It takes at least two people to help lift and strap Cheryl Wilson into her mono-ski (also called a sit-ski), which resembles a Star Wars pod racer with its angled chair mounted on top of a single ski. Once off the lift—a feat in and of itself—Wilson uses her two ski poles (or outriggers) to propel herself down the steepest of runs.
A veteran who was paralyzed in a car accident while on military duty in 2000, Wilson has been skiing as part of the adaptive ski program at the Breckenridge Outdoor Education Center  (BOEC) for nearly two years. The BOEC started as a community effort in 1976 and offers numerous year-round adaptive programs, but it's best known for the high-quality ski instruction.
The mono-ski, which requires incredible arm and core strength, has been a challenge for Wilson. She started out on green runs, but in less than two years she has progressed to skiing the easier black trails. Though apprehensive at first, mostly about mastering getting on and off the chair lift, Wilson's instructors are always around to help ease any concerns. When Wilson wipes out (like all skiers do), her two instructors are close behind, helping her right herself again. Her goal? To make the Paralympic ski team in 2018.

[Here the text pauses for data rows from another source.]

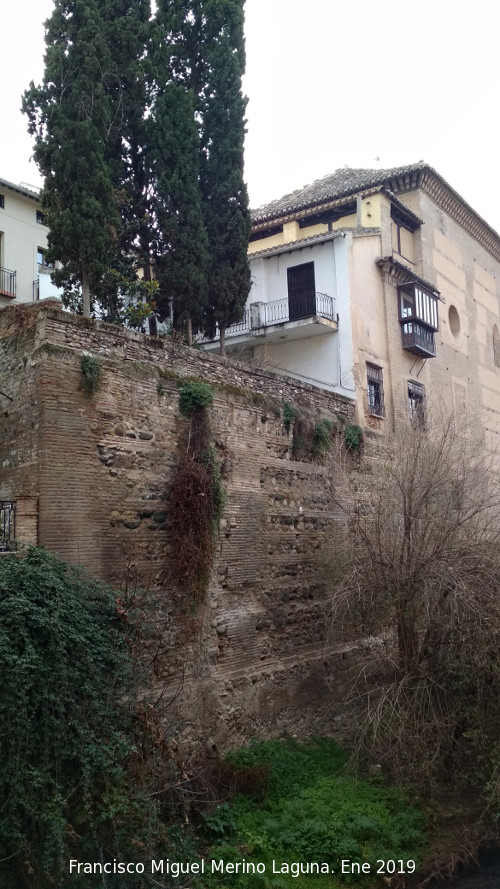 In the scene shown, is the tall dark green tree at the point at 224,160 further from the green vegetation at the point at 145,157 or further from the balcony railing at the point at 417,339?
the balcony railing at the point at 417,339

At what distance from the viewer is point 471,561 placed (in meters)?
9.81

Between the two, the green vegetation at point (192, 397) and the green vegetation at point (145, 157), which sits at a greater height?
the green vegetation at point (145, 157)

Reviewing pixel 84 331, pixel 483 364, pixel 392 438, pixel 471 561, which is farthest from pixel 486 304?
pixel 84 331

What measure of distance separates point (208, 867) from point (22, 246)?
16.2m

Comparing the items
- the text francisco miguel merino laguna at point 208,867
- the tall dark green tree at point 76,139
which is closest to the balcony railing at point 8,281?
the tall dark green tree at point 76,139

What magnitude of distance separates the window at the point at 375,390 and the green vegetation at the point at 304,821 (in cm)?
764

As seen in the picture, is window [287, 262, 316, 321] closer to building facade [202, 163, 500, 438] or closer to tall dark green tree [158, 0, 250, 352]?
building facade [202, 163, 500, 438]

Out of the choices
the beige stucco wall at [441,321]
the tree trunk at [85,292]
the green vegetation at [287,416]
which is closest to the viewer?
the tree trunk at [85,292]

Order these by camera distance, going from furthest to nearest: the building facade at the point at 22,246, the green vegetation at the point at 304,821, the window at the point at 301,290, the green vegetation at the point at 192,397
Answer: the building facade at the point at 22,246, the window at the point at 301,290, the green vegetation at the point at 192,397, the green vegetation at the point at 304,821

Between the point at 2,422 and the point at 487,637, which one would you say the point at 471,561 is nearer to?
the point at 487,637

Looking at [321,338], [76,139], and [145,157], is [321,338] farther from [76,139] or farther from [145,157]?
[76,139]

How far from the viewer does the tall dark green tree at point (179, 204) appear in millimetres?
12492

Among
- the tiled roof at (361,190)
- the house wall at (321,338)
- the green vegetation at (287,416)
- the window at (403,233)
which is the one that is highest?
the tiled roof at (361,190)

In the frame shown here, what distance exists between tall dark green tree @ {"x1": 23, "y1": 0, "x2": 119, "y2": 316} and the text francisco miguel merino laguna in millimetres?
6566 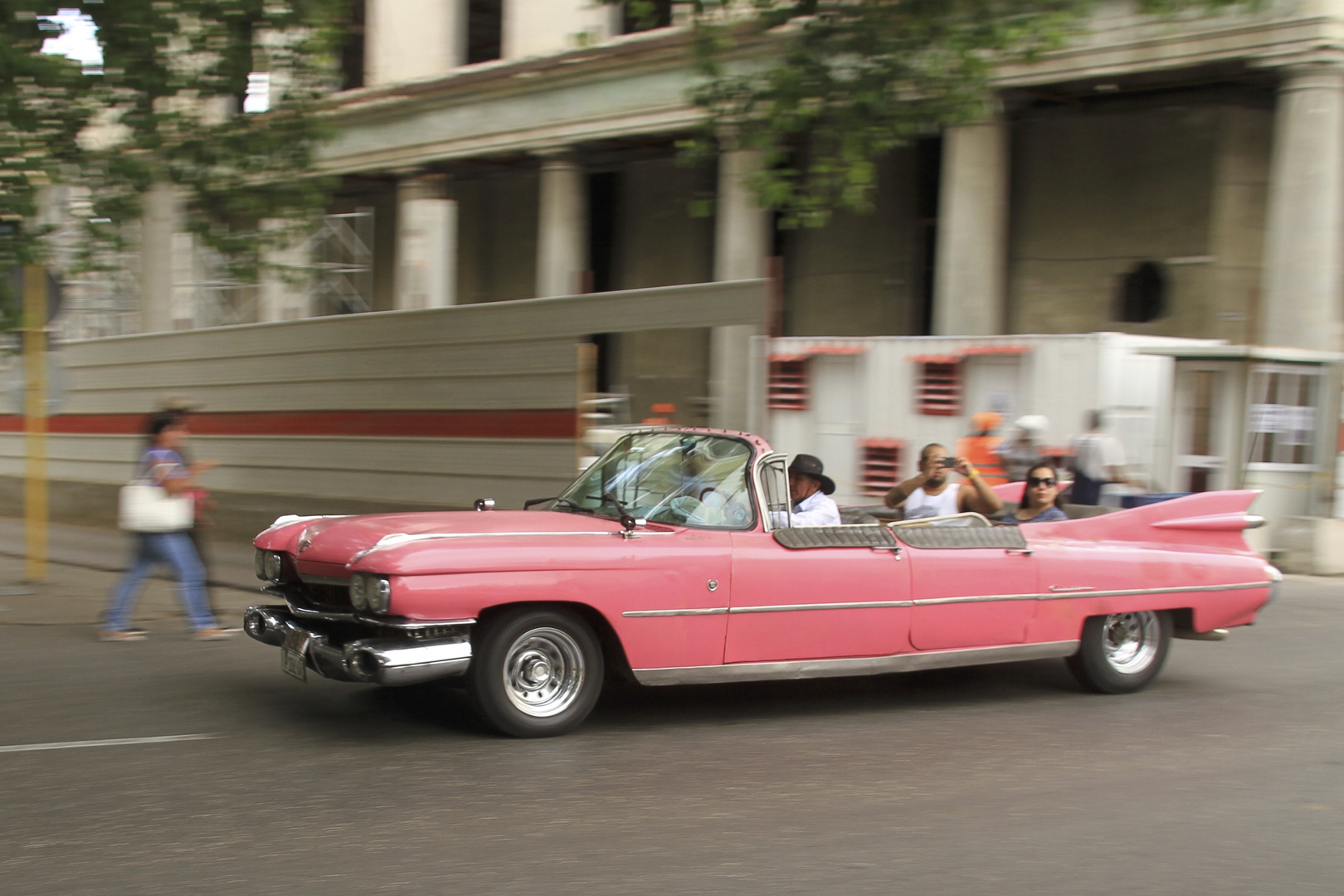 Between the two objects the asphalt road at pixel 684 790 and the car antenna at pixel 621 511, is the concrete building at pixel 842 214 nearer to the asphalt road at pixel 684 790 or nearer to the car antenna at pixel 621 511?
the car antenna at pixel 621 511

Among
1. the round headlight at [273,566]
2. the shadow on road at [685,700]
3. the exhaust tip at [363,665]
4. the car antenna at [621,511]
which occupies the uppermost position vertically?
the car antenna at [621,511]

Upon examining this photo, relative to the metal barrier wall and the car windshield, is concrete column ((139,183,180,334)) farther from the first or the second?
the car windshield

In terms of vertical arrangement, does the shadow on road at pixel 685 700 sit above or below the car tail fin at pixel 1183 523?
below

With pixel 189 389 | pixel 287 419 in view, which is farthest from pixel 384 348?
pixel 189 389

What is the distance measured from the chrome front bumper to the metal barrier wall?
203 inches

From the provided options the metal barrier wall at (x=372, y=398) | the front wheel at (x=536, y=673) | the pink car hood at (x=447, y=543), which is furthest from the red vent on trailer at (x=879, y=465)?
the front wheel at (x=536, y=673)

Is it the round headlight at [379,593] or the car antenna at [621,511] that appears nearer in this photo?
the round headlight at [379,593]

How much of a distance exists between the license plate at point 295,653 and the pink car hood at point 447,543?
0.30 metres

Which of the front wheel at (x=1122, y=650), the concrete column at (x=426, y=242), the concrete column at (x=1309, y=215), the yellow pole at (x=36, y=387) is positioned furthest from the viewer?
the concrete column at (x=426, y=242)

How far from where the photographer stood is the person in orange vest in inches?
536

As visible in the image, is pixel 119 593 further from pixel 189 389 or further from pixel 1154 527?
pixel 189 389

Gene Gamber, director of the BOEC, is in his 27th season with the adaptive ski program. He began as a volunteer but soon discovered his aptitude for teaching. He recognizes that the BOEC is just one part of Colorado's adaptive ski industry , and that together these programs make Colorado a leader in adaptive recreation. “It gives back to skiing, which drives our whole livelihood," Gamber says. "It allows us to share with others what we really love about our community.”
Get Involved: Every winter the BOEC ski program trains dozens of volunteers. Some days the lessons require up to 30 people lending a hand. Depending on your skill level, you'll likely need three training sessions prior to hitting the hills with the skiers.